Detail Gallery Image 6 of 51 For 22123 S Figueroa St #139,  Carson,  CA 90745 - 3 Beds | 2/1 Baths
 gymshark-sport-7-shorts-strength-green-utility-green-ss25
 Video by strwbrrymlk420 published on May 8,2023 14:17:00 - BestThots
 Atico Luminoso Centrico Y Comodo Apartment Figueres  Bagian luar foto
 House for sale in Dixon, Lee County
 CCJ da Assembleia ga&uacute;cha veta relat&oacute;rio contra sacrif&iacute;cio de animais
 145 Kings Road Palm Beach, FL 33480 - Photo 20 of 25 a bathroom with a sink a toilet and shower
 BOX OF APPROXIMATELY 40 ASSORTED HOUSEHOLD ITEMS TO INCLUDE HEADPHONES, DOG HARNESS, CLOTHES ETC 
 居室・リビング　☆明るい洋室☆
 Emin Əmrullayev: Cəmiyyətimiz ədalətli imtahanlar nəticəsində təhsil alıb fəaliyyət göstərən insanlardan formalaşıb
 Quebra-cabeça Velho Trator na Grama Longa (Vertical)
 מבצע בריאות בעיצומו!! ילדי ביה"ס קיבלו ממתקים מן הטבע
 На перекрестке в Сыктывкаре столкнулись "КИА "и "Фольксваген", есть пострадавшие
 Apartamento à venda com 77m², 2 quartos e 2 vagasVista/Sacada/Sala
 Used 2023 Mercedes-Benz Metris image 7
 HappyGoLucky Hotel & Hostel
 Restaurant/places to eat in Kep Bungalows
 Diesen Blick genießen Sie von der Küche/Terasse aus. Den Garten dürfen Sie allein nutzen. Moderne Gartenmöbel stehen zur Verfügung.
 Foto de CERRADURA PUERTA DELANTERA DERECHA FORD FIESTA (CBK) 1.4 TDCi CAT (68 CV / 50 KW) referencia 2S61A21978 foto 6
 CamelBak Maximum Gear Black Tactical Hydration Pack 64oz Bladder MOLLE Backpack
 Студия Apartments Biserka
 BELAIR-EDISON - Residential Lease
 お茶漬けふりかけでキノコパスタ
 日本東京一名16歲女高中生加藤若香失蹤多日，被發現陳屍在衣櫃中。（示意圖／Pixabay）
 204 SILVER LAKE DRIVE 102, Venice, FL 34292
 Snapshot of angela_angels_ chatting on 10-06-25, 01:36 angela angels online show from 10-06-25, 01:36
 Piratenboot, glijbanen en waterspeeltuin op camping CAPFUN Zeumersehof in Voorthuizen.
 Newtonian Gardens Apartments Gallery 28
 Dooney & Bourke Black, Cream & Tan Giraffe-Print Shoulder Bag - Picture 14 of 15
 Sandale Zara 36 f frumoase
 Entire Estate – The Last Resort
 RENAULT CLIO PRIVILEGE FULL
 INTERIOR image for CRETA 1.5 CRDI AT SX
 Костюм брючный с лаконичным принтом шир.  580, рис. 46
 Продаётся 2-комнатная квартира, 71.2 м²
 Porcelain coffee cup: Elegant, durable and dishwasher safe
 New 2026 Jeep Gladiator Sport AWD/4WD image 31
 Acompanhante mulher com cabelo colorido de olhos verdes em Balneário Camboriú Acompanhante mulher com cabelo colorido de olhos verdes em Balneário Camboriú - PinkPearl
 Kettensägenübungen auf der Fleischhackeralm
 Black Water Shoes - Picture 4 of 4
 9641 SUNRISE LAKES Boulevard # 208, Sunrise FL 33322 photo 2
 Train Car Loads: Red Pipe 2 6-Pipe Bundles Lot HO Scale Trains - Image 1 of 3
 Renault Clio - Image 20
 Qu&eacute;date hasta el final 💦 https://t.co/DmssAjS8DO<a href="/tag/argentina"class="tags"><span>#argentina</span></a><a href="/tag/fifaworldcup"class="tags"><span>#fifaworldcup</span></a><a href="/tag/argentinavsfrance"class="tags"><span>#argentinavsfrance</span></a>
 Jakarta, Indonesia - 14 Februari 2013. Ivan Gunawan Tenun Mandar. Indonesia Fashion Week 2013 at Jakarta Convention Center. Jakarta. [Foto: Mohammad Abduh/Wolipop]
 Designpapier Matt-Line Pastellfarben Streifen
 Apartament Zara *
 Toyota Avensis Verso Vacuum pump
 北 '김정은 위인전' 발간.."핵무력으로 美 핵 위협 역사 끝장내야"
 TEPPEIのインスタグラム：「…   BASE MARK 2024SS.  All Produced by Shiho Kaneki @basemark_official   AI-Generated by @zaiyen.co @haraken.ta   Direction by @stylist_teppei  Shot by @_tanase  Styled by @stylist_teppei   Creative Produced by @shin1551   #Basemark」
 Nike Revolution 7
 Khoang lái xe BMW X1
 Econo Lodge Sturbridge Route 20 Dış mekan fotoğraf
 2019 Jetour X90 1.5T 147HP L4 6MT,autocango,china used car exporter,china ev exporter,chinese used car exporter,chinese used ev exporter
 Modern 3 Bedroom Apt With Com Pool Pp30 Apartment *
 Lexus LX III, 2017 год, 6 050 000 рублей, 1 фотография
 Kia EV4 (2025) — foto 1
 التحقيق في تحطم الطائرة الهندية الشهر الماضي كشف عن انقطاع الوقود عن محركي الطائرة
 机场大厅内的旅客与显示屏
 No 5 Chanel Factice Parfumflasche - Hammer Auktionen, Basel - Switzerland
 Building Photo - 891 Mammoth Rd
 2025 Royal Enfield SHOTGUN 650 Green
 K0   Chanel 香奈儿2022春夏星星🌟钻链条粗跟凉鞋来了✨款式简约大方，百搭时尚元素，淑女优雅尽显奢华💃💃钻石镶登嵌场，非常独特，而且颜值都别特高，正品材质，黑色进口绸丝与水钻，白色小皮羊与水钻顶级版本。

--------------------------------

**Activity**
Everything from the first line of the material through the line containing "204 SILVER LAKE DRIVE 102, Venice, FL 34292" is to be printed exactly; lines after that are to be left out.

**Exercise answer**
Detail Gallery Image 6 of 51 For 22123 S Figueroa St #139,  Carson,  CA 90745 - 3 Beds | 2/1 Baths
 gymshark-sport-7-shorts-strength-green-utility-green-ss25
 Video by strwbrrymlk420 published on May 8,2023 14:17:00 - BestThots
 Atico Luminoso Centrico Y Comodo Apartment Figueres  Bagian luar foto
 House for sale in Dixon, Lee County
 CCJ da Assembleia ga&uacute;cha veta relat&oacute;rio contra sacrif&iacute;cio de animais
 145 Kings Road Palm Beach, FL 33480 - Photo 20 of 25 a bathroom with a sink a toilet and shower
 BOX OF APPROXIMATELY 40 ASSORTED HOUSEHOLD ITEMS TO INCLUDE HEADPHONES, DOG HARNESS, CLOTHES ETC 
 居室・リビング　☆明るい洋室☆
 Emin Əmrullayev: Cəmiyyətimiz ədalətli imtahanlar nəticəsində təhsil alıb fəaliyyət göstərən insanlardan formalaşıb
 Quebra-cabeça Velho Trator na Grama Longa (Vertical)
 מבצע בריאות בעיצומו!! ילדי ביה"ס קיבלו ממתקים מן הטבע
 На перекрестке в Сыктывкаре столкнулись "КИА "и "Фольксваген", есть пострадавшие
 Apartamento à venda com 77m², 2 quartos e 2 vagasVista/Sacada/Sala
 Used 2023 Mercedes-Benz Metris image 7
 HappyGoLucky Hotel & Hostel
 Restaurant/places to eat in Kep Bungalows
 Diesen Blick genießen Sie von der Küche/Terasse aus. Den Garten dürfen Sie allein nutzen. Moderne Gartenmöbel stehen zur Verfügung.
 Foto de CERRADURA PUERTA DELANTERA DERECHA FORD FIESTA (CBK) 1.4 TDCi CAT (68 CV / 50 KW) referencia 2S61A21978 foto 6
 CamelBak Maximum Gear Black Tactical Hydration Pack 64oz Bladder MOLLE Backpack
 Студия Apartments Biserka
 BELAIR-EDISON - Residential Lease
 お茶漬けふりかけでキノコパスタ
 日本東京一名16歲女高中生加藤若香失蹤多日，被發現陳屍在衣櫃中。（示意圖／Pixabay）
 204 SILVER LAKE DRIVE 102, Venice, FL 34292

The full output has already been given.